A physiologically based pharmacokinetic (PBPK) modeling approach was used to explore potential reasons for the unexpected in vivo/in vitro inconsistencies previously observed in an investigation exploring the comparative oral bioavailability and in vitro dissolution of three experimental treatments. All treatments contained two poorly soluble drugs: ivermectin (IVM) and praziquantel (PRZ). The purpose of that investigation was identification of alternative (non-terminal animal studies) pathways for assessing the bioequivalence (BE) of non-systemically available, locally acting oral formulations.

Methods

Treatment differences in gastrointestinal (GI) IVM and PRZ in vivo dissolution and absorption were examined using the GastroPlus PBPK software. Drug models included Michaelis Menten kinetics and canine-specific relative abundances of the primary metabolizing enzyme and efflux transporter.
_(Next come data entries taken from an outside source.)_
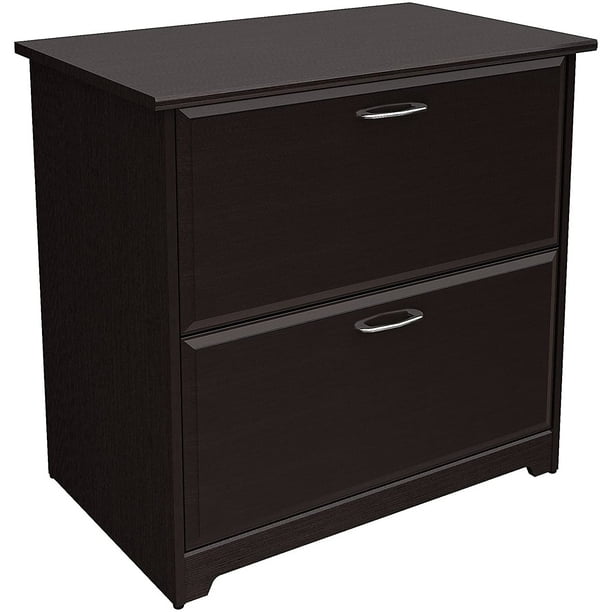 Bush Furniture Cabot 2 Drawer Lateral File Cabinet, Espresso Oak
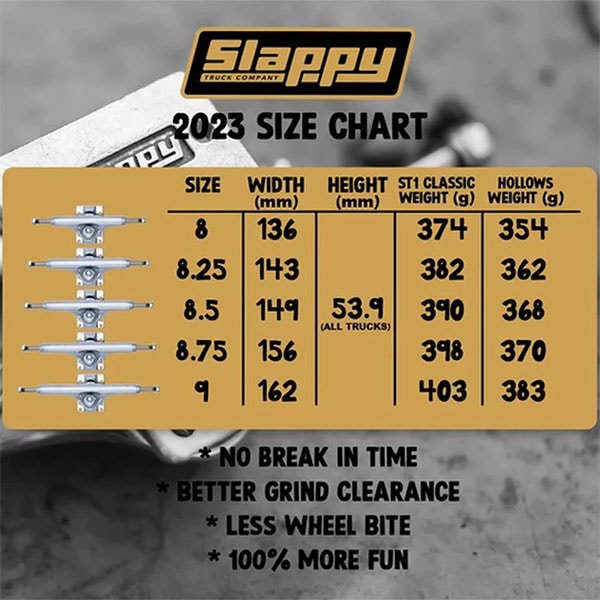 SLAPPY TRUCK】INVERTED POLISHED スラッピートラックカンパニー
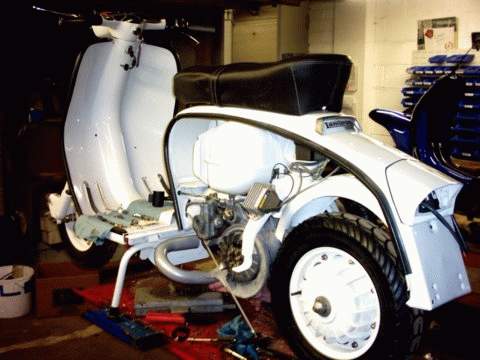 Tony's first Lambretta
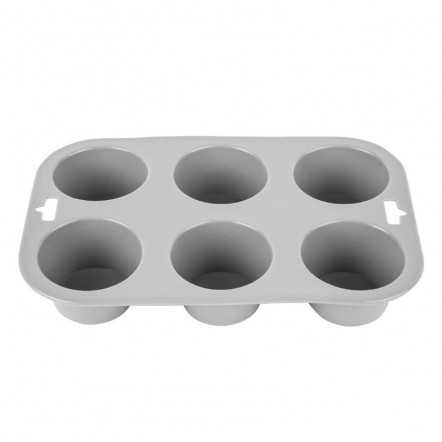 Plaque flexible en silicone 6 muffins Vogue
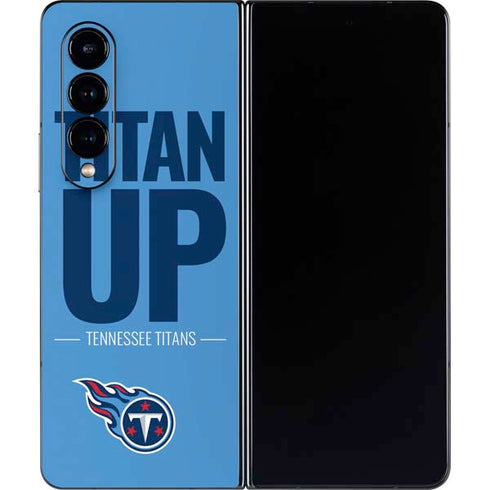 NFL Tennessee Titans Team Motto Galaxy Z Fold4 5G Skin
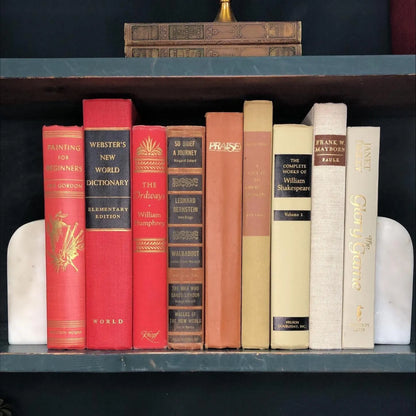 Books by Color | Designer Decor, Hardcover Novels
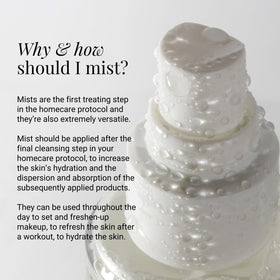 G.M. COLLIN mist over makeup illustrating midday refresh and dewy finish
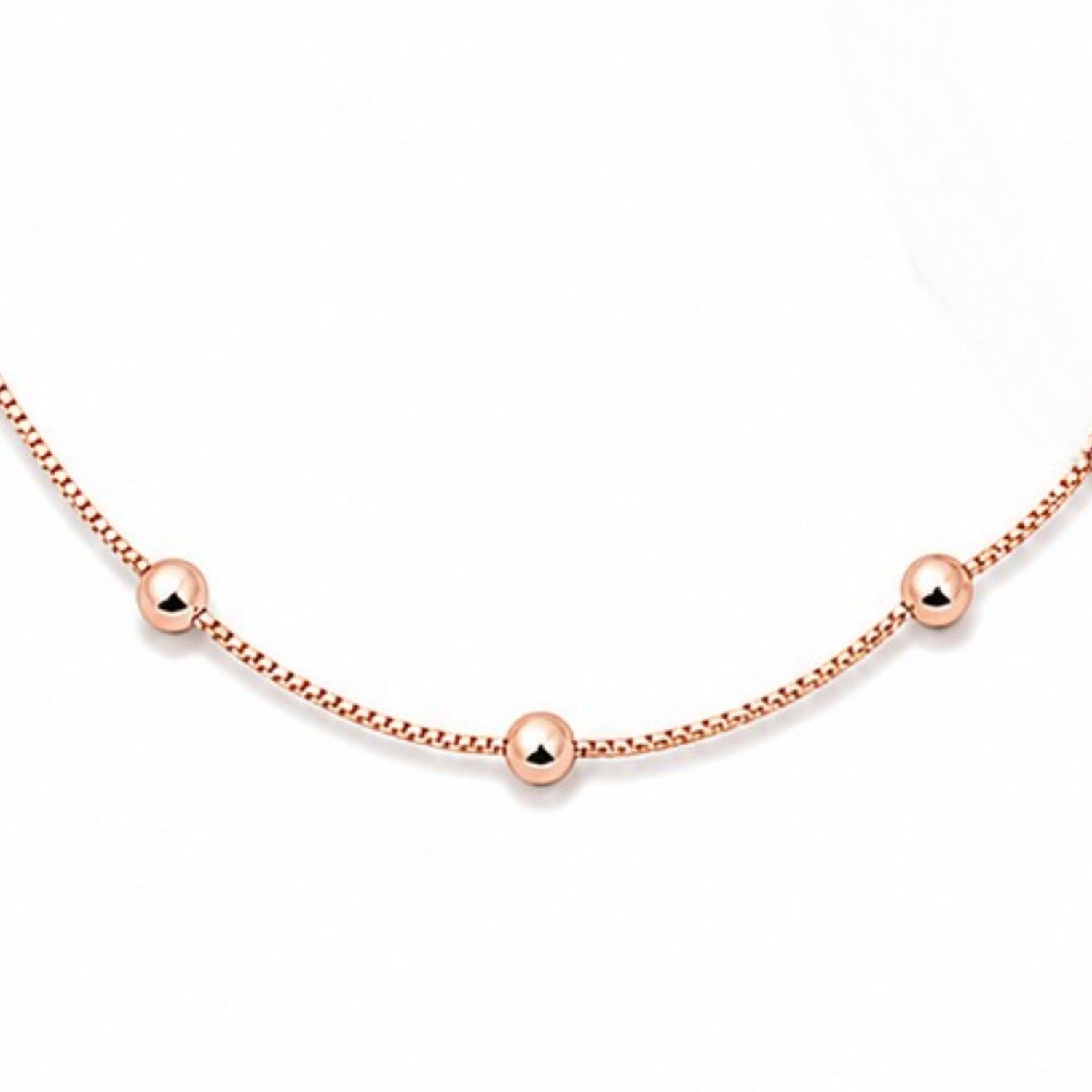 Emerald Blossom Four-Leaf Clover 925 Silver Anklet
Individual dog predictions were generated using a top-down approach where a double or triple Weibull function was fitted to the previously generated in vivo data (27 dogs × 3 treatments = 81 profiles per drug).

Results

By examining the predicted treatment differences in in vivo performance, it was possible to exclude several previously proposed reasons for the unexpected poor performance of one of the treatments (e.g., IVM precipitation or intestinal efflux, unintended excipient effects, and rapid dissolution increasing PRZ exposure to enterocyte Cyp3a12) for the unexpected poor performance for one of the treatments.

Conclusions

The top-down approach provided insights into the intestinal location of in vivo dissolution and absorption, eliminating previously proposed causes  and raising alternative possibilities for the observed in vivo/in vitro disparities (indirectly related to the granule diameters of the three treatments). It also helped identify in vitro test procedures worthy of future consideration.